- Atletico pokazało charakter w Lidze Mistrzów
- Klub z Madrytu dwukrotnie przegrywał, a mimo to sięgnął po pełną pulę
- Wygrana z Feyenoordem oznaczała pozycję lidera tabeli w grupie E
Atletico zwycięskie po trudnym boju
Atletico tę edycję Ligi Mistrzów zaczęło od remisu z Lazio. Początek drugiej kolejki też nie był udany, ponieważ Feyenoord objął prowadzenie po samobójczym trafieniu Hermoso.
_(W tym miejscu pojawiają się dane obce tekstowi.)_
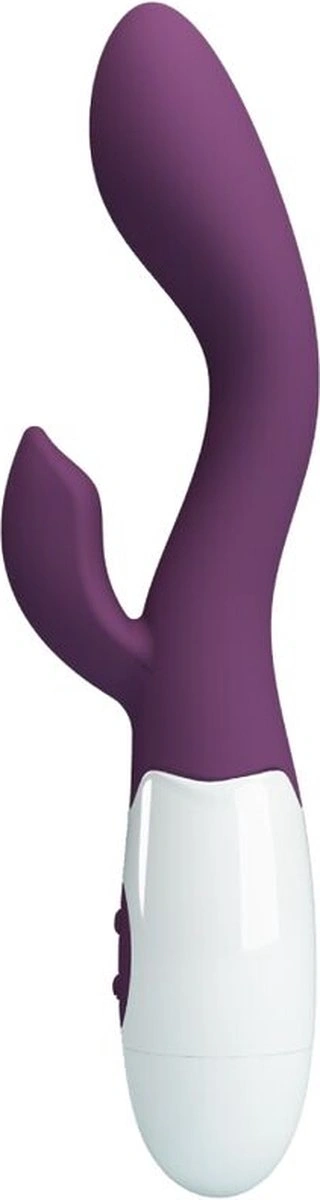 Vibrator Iepuras Brighty, 30 Moduri Vibratii, Silicon, Mov, 20 cm, Nr. 3, Erotic24.ro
Zespół z Madrytu miał jednak Moratę, który w 12. minucie doprowadził do remisu.
Feyenoord nie odpuścił Atletico i znów objął prowadzenie, tym razem w 34. minucie po bramce Hancko. Goście na przerwę schodzili przy wyniku 2:2, ponieważ sygnał do ataku dał Griezmann.
Po zmianie stron przypomniał o sobie Morata, który miał już dublet, a Atletico prowadzenie 3:2. Taki wynik utrzymał się już do końca, a gospodarze znów pokazali charakter. Ostatnio przegrywali w lidze 0:2, by zwyciężyć 3:2. Zespół Diego Simeone jest liderem grupy E z czterema punktami na koncie.